Maybe I have a face that compels people to confide in me, although it is usually when my boyfriend is with me so perhaps it is he, and not I, who bring this out in people. Part of the strangeness of it is that these revelations usually come from people you would not normally think of as needing someone to talk to about such things. These people doing the confiding are generally fairly well off financially and have nice, comfortable homes and no financial worries in their lives. They are looking forward to very comfy retirements and will never have to worry about whether or not they can pay a particular bill or if they can afford their groceries. Many of them pay in spades for their security by having developed little rituals of "saving money" that amount to pennies over the years, as if a penny were too important to lose, while they win and lose the "pounds" on a regular basis and with little or no concern as to the fact that a small, third-world nation could have existed for a month on what was just squandered and, at the same time, they count the squares of toilet paper they are using to make sure they do not use too much of it at any one time.

They buy and sell their riches but begrudge themselves the merest luxury of really tasty food, they invest in jewelry or works of art, pamper themselves with lovely homes, etc. but then turn around and buy the cheapest possible paper towels, tissue, soaps, or bread all with the obvious intent of having saved themselves "real" money. Maybe, all told over a ten year period, such habits will have saved a few hundred dollars but thousands and thousands were spent or lost elsewhere by these same people. It is a curious mindset and it is one I cannot really connect with easily. This does not mean any of these people are lazy or have never worked hard to earn these pleasures for themselves it is just that, somewhere along the way, I think they became superstitious about their wealth and pay a strange price as a self-imposed condition of being allowed to enjoy what they have accumulated. Sorry, but I will always buy the brand of paper towels that actually absorbs liquid instead of merely pushing it around. I prefer the brand of toilet paper I feel is sturdy enough to "do the job" without too much compromise of any of my more delicate sensibilities.

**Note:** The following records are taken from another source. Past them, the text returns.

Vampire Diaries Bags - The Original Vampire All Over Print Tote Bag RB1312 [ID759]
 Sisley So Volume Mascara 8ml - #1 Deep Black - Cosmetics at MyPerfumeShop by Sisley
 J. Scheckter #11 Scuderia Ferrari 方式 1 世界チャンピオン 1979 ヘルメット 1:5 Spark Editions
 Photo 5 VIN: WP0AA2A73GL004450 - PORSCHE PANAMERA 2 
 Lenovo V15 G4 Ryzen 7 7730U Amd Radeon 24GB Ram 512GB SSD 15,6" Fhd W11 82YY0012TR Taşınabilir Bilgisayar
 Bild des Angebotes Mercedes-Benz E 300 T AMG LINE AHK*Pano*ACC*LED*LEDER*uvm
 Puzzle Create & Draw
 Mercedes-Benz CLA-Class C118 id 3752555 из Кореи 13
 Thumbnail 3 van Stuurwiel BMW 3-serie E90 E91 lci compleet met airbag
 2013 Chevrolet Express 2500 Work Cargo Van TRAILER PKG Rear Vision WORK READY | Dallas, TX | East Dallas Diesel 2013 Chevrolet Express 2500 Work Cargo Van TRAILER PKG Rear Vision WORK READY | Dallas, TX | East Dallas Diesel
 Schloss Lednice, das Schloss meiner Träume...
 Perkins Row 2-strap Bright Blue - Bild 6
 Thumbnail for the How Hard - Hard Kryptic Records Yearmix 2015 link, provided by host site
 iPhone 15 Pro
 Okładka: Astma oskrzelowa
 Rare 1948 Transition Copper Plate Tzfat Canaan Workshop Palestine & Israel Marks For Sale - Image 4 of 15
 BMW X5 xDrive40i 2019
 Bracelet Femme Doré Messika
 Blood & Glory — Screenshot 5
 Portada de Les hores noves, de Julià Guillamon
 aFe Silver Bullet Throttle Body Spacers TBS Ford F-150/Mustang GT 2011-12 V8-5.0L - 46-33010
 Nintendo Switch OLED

I will buy the bread that I think tastes the best and is best for me and I will not miss a wealth of jewels because I never craved owning many of them and likely would choose to spend that much money on a home or on people I loved rather than on baubles to show off - although they are very nice things to have. Such is the life of the financially comfortable of my acquaintance, all of whom are very nice people and caring, loving friends, it's just that they have this really odd way of relishing their many advantages. Perhaps they feel they owe this particular type of penance for some reason, that it makes them worthier somehow, although to my knowledge no one, at least in my hearing, has ever even suggested they do not deserve what they and their families have worked so hard to achieve for themselves. Maybe, for the holidays, I will put together several care packages for these poor unfortunates. The packages will include all of the everyday luxuries that my friends feel so compelled to deny themselves and, on the top of my list, will be a really good vintage of toilet paper - the kind that stays in one piece, tears properly at the perforations, and does not excoriate skin in the using of it.

All of this observation of others makes me wonder what some of my own peculiarities may be, as I am hardly the one to pass judgement on that since I cannot tell what is odd about myself as it probably seems perfectly normal to me, whatever it is. I'm not too sure I really want to invite such comments but it seems only fair after my earlier diatribe. I know I wiggle my nose when it itches and I worry incessantly at times until I have checked in with everybody and found them safe and as well as can be expected. Those things I know about, it is the ones I am blissfully unaware of that the thought of having them revealed scares the heck out of me. I tremble in an unpleasant anticipation of the moment these oddities in my character are pointed out. Oh well, I suppose I will survive the critique although I may take some of my more treasured peculiarities underground so they do not draw any further attention.